Whether it is the rising cost of natural gas or the environmentally destructive force of traditional wood furnaces, or the unstable dependency on electric units that has homeowners wanting to switch fuel sources, there are a number of pros and cons when it comes to propane furnaces.


In order to have a better understanding of the pros and cons associated with propane furnaces, it is important to know the different types. Propane furnaces come in three styles--central heating, wall units and combination heaters. Wall units are small and traditionally used in mobile homes and other small homes where space conservation is key or for single use applications, such as providing heat for a small garage perhaps. Central units are extremely efficient, often coming with a remote control that can power the unit from any location in the house. Combination heaters are relatively new to the market and are designed for not only heating the home, but also providing propane fuel to other appliances, such as water heaters and outdoor grills. Additionally, combination heaters use the excess heat from the water heating and cycles it throughout the house, helping eliminate any energy waste and are typically the size of standard water heaters.

Energy Efficiency

One positive aspect of propane furnaces is that they are more energy-efficient. Typically propane furnaces have a rating of 90 percent efficiency or higher, while other furnace types run at about 78 to 82 perfect efficiency. For a better understanding, consider the 100 percent efficiency that you would like your furnace to run. While the furnace is heating up and cooling down, typical furnaces will let roughly 20 percent of the heat escape through the exhaust. With propane furnaces, most are constructed with flappers similar to that of a chimney that will shut when the thermostat has reached its predetermined temperature, therefore conserving the heat and sending it throughout the house. Depending on the manufacturer, propane furnaces waste only 10 percent of heat, and when that waste is translated into dollars during the cold season, every percentage point saved is another dollar saved.


There are several pros and cons associated with the cost of replacing old propane furnaces. This is also where homeowners will need to hire a contractor. The contractor can help decide which type of propane furnace is needed, as well as inspect the home's internal piping to ensure that the pipes are propane compatible and have no leaks or other safety violations. In addition, propane tanks no longer need to be placed beside the home, which can lower the home's value. Tanks can now be buried underground for aesthetic and safety purposes. Prices for propane furnaces and propane fuel vary from location to location. While the initial cost and set up may be high, the yearly savings in energy conservation, as well as potential tax credits may make the switch more sensible. Propane furnaces also generally have lower maintenance costs and have a longer life than those of traditional furnaces.

Health and Safety

Perhaps the most influential discussion in the pros and cons of propane furnaces are environmental and personal health and safety risks. Propane furnaces burn cleaner than fuel oil furnaces, omitting fumes as well as eliminating potential health risks for the homeowners.

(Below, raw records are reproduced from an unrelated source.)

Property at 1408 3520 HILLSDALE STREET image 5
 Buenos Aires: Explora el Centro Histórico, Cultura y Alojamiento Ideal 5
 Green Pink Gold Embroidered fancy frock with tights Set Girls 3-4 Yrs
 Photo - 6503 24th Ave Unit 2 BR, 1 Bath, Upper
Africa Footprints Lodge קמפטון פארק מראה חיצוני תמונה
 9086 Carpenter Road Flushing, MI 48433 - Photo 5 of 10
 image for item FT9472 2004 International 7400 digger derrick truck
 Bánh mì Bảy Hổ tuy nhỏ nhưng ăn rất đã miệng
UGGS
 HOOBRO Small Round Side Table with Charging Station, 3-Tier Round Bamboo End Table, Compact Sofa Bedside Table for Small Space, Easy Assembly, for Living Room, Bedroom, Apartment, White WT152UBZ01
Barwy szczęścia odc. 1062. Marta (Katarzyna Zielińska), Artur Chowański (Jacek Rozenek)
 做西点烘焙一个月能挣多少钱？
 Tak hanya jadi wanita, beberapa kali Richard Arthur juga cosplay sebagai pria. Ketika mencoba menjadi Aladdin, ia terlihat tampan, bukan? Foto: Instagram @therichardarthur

As with most furnaces, there are risks of fire hazards, which can be reduced by frequent inspections of fuel lines. Propane furnaces, unlike wood furnaces, do not have messy ashes to clean and also save trees and the environment.


Depending on the type of propane furnace purchased, the pros of having a propane furnace far outweigh the cons. Propane fuel lines can be used in a variety of methods, whether heating an entire house or a small space, such as garages or storage shed. With the fuel source so readily available, lines could run to other places of use, such as outdoor grills, or in the case of combination heaters, to heated pools or spas. As with any fuel source, the cons are of course running new lines, setting up the regulators and other system requirements, as well as hiring a contractor to ensure the safety and longevity for the new propane furnaces.